EXERCISE DIRECTIONS
Only the lines below between the ones containing "Load image into" and "Hand drawn sketch", inclusive, are to be reproduced, each exactly as it stands.

DATA FOR ANALYSIS
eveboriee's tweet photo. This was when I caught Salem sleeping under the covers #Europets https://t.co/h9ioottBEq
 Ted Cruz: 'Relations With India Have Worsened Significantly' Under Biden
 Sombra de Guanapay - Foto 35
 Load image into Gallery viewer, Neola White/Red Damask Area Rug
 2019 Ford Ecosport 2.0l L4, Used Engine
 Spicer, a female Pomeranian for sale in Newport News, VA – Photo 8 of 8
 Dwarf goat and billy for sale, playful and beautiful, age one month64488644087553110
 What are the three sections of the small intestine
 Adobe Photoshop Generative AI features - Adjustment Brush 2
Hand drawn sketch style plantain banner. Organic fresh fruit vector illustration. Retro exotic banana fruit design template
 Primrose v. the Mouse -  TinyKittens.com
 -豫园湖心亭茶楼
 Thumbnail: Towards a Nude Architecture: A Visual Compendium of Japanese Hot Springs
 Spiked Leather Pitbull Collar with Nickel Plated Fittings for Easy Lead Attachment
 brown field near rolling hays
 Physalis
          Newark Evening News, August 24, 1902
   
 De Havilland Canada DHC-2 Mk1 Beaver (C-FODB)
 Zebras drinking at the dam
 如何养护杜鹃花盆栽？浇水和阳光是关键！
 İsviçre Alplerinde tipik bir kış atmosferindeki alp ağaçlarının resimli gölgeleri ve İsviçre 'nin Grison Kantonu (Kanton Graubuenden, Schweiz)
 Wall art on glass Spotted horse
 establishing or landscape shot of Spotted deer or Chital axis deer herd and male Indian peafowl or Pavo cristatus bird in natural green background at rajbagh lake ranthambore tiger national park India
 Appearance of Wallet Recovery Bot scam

EXERCISE OUTPUT
 Load image into Gallery viewer, Neola White/Red Damask Area Rug
 2019 Ford Ecosport 2.0l L4, Used Engine
 Spicer, a female Pomeranian for sale in Newport News, VA – Photo 8 of 8
 Dwarf goat and billy for sale, playful and beautiful, age one month64488644087553110
 What are the three sections of the small intestine
 Adobe Photoshop Generative AI features - Adjustment Brush 2
Hand drawn sketch style plantain banner. Organic fresh fruit vector illustration. Retro exotic banana fruit design template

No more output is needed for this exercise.